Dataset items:
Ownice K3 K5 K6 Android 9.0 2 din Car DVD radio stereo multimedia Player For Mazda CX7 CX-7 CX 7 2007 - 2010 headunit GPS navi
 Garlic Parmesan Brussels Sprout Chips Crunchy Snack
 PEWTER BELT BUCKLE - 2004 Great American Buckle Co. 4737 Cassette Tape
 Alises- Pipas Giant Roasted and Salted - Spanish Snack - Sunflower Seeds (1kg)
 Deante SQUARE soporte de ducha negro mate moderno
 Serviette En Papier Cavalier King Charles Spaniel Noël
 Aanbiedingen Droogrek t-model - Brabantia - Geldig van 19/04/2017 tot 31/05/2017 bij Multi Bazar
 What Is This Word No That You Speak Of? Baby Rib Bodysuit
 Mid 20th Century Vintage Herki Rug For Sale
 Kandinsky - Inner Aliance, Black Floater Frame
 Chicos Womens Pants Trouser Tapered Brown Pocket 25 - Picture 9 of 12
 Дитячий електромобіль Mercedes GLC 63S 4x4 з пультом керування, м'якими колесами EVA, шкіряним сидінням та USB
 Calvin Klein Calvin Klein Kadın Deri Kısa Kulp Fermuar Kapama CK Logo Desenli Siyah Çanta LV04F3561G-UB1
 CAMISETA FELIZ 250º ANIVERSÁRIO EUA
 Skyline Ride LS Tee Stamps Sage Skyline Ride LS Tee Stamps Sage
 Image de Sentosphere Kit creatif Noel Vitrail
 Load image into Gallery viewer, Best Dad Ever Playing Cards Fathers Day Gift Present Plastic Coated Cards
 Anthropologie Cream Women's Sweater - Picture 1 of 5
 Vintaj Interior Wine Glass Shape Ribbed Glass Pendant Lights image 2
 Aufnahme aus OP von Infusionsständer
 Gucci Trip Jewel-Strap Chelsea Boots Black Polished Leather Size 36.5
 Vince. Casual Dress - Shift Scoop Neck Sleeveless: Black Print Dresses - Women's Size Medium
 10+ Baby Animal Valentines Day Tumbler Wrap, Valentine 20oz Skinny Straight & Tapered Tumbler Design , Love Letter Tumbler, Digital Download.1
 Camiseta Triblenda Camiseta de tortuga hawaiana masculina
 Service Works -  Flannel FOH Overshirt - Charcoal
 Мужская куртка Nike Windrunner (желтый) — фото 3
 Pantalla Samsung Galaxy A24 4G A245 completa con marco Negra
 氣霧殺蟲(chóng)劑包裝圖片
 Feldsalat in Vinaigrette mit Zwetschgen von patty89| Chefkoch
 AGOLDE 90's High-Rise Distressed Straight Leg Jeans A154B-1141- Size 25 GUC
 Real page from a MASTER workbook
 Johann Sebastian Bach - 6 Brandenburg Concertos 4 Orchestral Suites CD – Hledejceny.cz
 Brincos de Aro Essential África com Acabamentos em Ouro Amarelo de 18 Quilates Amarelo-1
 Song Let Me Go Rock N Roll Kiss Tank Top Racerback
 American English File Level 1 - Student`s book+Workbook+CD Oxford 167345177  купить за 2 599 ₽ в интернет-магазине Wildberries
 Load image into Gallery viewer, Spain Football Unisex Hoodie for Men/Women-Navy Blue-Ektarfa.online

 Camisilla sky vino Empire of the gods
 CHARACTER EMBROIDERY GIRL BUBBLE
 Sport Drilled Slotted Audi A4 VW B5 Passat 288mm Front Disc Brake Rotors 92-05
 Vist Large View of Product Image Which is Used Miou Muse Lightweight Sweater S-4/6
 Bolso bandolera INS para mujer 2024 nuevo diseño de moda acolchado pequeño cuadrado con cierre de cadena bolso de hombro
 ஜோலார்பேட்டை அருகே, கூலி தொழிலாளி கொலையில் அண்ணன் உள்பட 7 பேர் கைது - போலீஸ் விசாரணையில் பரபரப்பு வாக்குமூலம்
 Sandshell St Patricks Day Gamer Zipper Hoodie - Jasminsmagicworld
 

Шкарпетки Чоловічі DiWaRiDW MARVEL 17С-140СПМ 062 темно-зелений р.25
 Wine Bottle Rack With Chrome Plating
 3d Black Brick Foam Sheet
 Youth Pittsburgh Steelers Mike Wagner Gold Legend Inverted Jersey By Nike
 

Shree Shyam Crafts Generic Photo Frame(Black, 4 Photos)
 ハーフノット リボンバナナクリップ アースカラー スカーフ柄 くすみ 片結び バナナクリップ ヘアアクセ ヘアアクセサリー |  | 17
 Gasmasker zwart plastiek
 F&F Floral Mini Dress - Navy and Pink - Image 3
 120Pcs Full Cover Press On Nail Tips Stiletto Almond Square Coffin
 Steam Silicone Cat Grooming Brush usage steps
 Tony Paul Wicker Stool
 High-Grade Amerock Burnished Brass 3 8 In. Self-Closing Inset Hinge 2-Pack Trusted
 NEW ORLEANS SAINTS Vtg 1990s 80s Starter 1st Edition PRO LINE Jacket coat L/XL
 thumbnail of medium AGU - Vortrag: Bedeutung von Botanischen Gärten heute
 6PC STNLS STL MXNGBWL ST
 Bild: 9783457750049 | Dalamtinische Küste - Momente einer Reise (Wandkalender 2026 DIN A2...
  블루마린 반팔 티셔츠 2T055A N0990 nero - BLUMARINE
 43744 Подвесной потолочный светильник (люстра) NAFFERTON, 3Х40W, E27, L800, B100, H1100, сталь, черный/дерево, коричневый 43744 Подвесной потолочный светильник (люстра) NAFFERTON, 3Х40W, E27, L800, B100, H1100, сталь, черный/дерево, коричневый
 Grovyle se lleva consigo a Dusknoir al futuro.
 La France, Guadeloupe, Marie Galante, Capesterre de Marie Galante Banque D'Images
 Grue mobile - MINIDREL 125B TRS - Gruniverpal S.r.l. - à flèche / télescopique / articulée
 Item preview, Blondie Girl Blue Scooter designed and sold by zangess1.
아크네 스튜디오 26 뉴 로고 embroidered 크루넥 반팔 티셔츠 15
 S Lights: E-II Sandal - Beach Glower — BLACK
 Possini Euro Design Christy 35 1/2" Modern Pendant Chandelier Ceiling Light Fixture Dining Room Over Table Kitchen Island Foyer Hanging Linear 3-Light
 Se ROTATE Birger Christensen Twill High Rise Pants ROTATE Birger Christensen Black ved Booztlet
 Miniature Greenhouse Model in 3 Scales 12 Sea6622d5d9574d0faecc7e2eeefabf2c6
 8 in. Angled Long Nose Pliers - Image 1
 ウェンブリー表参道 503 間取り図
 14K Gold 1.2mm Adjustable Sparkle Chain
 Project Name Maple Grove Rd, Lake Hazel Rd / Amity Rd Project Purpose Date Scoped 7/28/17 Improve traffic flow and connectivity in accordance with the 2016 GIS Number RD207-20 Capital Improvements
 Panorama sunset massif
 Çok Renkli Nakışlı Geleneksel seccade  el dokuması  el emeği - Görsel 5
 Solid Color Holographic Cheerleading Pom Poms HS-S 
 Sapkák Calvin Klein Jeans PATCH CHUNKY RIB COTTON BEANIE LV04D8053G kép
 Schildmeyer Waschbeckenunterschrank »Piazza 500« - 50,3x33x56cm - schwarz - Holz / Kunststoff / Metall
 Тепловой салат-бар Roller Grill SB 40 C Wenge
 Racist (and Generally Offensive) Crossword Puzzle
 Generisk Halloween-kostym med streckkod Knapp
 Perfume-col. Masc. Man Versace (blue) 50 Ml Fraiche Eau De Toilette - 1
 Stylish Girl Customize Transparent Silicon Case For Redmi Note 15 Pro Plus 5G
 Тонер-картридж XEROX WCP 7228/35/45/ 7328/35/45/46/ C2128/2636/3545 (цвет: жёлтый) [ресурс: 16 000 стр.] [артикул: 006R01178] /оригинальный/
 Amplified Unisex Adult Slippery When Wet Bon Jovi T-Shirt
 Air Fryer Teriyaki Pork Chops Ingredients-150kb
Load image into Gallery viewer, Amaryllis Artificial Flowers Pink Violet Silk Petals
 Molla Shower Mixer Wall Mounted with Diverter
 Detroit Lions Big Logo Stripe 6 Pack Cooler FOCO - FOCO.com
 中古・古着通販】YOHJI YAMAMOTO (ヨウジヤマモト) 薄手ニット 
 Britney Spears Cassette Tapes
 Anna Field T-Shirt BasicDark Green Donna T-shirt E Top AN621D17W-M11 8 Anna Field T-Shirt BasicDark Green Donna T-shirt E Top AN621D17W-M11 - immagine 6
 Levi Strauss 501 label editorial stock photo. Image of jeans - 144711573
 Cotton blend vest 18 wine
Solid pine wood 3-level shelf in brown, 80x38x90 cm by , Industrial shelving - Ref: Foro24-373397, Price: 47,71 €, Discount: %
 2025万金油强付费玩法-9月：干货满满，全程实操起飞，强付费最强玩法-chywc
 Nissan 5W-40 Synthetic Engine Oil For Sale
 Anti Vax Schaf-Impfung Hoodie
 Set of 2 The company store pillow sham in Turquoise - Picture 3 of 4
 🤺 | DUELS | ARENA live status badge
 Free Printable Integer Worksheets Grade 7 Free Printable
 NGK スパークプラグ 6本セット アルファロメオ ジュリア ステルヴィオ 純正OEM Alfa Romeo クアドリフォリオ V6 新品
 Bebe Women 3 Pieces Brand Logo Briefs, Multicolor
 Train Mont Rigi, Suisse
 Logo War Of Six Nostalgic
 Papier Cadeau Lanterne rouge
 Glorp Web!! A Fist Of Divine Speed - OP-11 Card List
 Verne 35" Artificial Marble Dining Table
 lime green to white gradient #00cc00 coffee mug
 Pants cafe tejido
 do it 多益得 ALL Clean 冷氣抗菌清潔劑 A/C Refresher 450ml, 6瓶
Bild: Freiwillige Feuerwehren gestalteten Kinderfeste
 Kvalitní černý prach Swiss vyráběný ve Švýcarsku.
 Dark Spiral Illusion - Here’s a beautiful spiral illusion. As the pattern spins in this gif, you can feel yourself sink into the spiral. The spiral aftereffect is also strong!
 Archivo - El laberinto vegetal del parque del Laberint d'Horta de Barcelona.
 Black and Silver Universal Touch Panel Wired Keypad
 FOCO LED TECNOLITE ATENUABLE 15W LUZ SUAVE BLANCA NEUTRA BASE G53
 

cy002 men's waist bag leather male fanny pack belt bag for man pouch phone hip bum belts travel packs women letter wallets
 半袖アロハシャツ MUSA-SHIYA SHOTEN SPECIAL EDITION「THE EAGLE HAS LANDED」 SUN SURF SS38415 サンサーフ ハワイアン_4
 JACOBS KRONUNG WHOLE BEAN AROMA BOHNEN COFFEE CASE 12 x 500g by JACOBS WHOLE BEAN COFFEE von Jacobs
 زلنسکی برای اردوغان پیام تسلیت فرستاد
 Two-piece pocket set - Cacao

◆ Problem to work on ◆
Search the entries for the word "Picture", then list each line that holds it.

◆ Result ◆
 Chicos Womens Pants Trouser Tapered Brown Pocket 25 - Picture 9 of 12
 Anthropologie Cream Women's Sweater - Picture 1 of 5
 Set of 2 The company store pillow sham in Turquoise - Picture 3 of 4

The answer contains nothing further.